RAG-lab / src /rag /retriever.py
mechark
paper-mate init
0e9a6da
from langchain_community.document_loaders import HuggingFaceDatasetLoader
from langchain_classic.text_splitter import SentenceTransformersTokenTextSplitter
from langchain_community.retrievers import BM25Retriever
from langchain_core.documents import Document
from langchain_core.retrievers import BaseRetriever
from langchain_community.embeddings import HuggingFaceEmbeddings
from src.core.config import settings
from langchain_community.vectorstores import FAISS
import os
import logging
class ArxivRetriever(BaseRetriever):
"""Retriever for Arxiv documents using a combination of dense and sparse retrieval."""
k: int = 4
def __init__(self, cache_path="./vector_store"):
super().__init__()
embedding = HuggingFaceEmbeddings(
model_name="sentence-transformers/all-MiniLM-L6-v2"
)
# Try to load cached vector store first
if os.path.exists(cache_path):
logging.info("Loading vector store from cache...")
self._vectorstore = FAISS.load_local(
cache_path, embedding, allow_dangerous_deserialization=True
)
else:
# Build and save
loader = HuggingFaceDatasetLoader(
"MaartenGr/arxiv_nlp", page_content_column="Abstracts"
)
documents = loader.load()
splitter = SentenceTransformersTokenTextSplitter(
model_name="sentence-transformers/all-MiniLM-L6-v2",
chunk_size=128,
chunk_overlap=20,
)
self._documents = splitter.split_documents(documents)
self._vectorstore = FAISS.from_documents(self._documents, embedding)
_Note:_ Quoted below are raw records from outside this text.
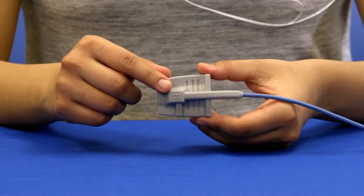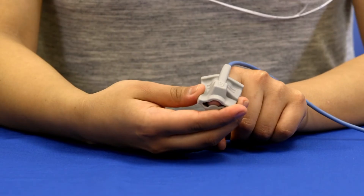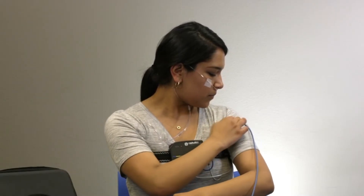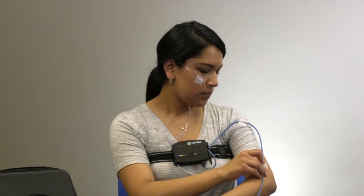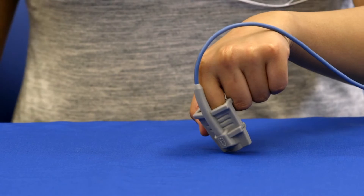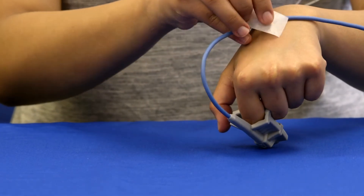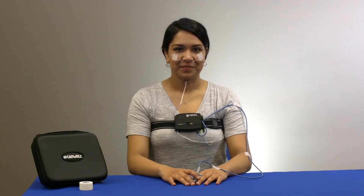Place the oximeter finger sensor on the index finger of either hand with the cable running over the back of your hand. Your finger should go to the end of the sensor but not through the cutout at the end. If the cable hangs loosely, tape the oximeter cable to your shoulder and elbow. If there is no slack, tape it just to your hand. Close your hand into a fist, then tape the cable to the back of your hand. Do not wrap tape around your finger as this will restrict blood flow and reduce signal quality.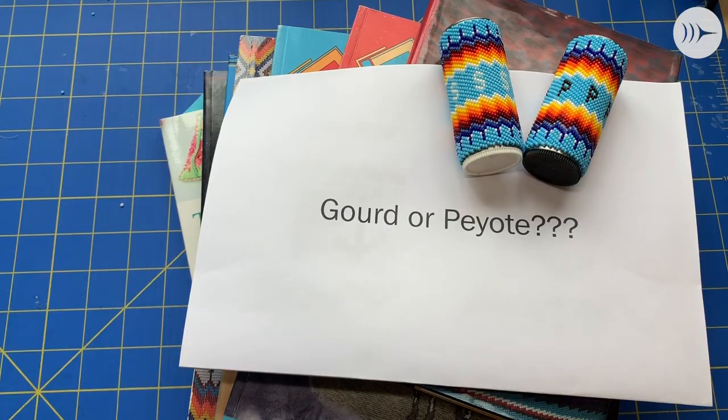So why do I keep saying 'this stitch'? Come on over to my workspace and I'll show you why. So what do you call this stitch — gourd or peyote?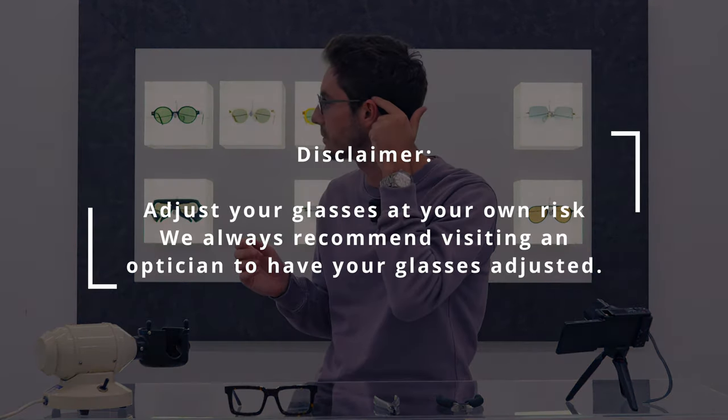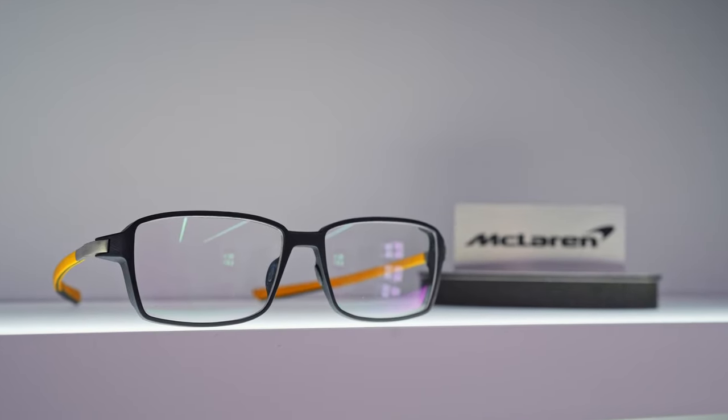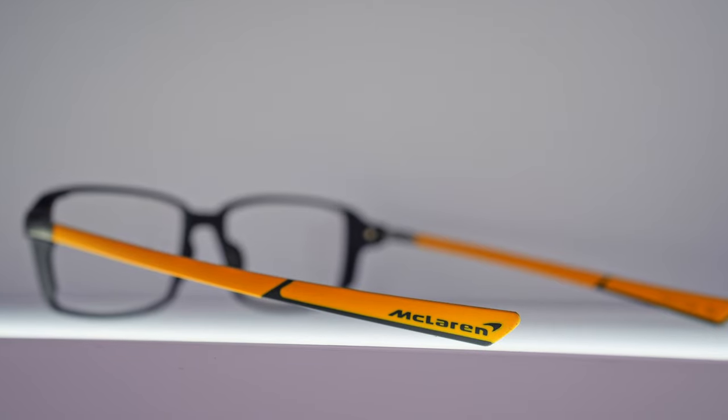What we want to see here is a temple tip that curves gently around the back of the ear. You never want to see a 90-degree angle — that's never a good sign. You rarely want to see temple tips which have no grip at all, unless it's a straight-fitting temple. Those do exist with brands like Oakley, McLaren, Carrera, etc. The majority of glasses do need to be fitted around the ear to keep them in place.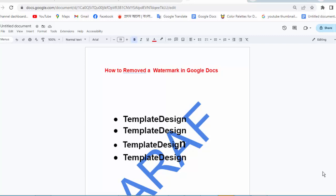Hi guys, assalamualaikum, how are you all? I hope you are well. Welcome back to my channel. In this new video, today's video is how to remove a watermark in Google Docs. Let's get started.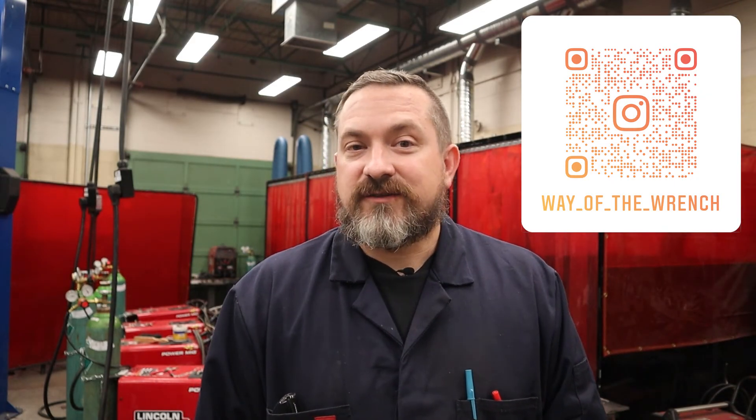There you go — another video from Way of the Wrench on how to become a welder, this time on how to set up a MIG welder so you can get going, practice, and make some great weld beads. If you have any questions, put them in the comments below. Stay tuned for a future video on how to diagnose your MIG welding beads — whether they're too hot, too cold, no gas, too much stick-out, too fast, too slow, and all that good stuff. Follow us on Instagram at Way the Wrench. Until next time, take it easy.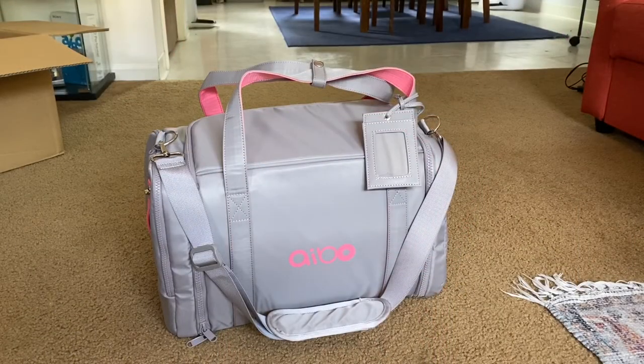This has kind of been the unboxing and overview of the new Aibo bag for the 1000 model. I hope this was informative for you and that you enjoyed the unboxing with me. Have a great day.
self._vectorstore.save_local(cache_path)
self._sparse_retriever = BM25Retriever.from_documents(
self._vectorstore.docstore._dict.values()
)
def _get_relevant_documents(self, query: str):
"""
Retrieve relevant documents using Reciprocal Rank Fusion of dense and sparse retrieval.
"""
# Dense & sparse retrieval results
dense_docs = self._vectorstore.search(query, k=self.k, search_type="similarity")
sparse_docs = self._sparse_retriever.invoke(query)[: self.k]
rrf_scores = {}
k_constant = settings.RETRIEVER_K_CONSTANT
# Add dense retrieval scores. Use content as key
for rank, doc in enumerate(dense_docs, start=1):
doc_key = doc.page_content
rrf_scores[doc_key] = rrf_scores.get(doc_key, 0) + 1 / (k_constant + rank)
# Add sparse retrieval scores
for rank, doc in enumerate(sparse_docs, start=1):
doc_key = doc.page_content
rrf_scores[doc_key] = rrf_scores.get(doc_key, 0) + 1 / (k_constant + rank)
# Create a mapping from content to doc
doc_map = {doc.page_content: doc for doc in dense_docs + sparse_docs}
# Sort by RRF score and return docs
sorted_docs = sorted(rrf_scores.items(), key=lambda x: x[1], reverse=True)
fused_docs = [doc_map[doc_key] for doc_key, score in sorted_docs[: self.k]]
return fused_docs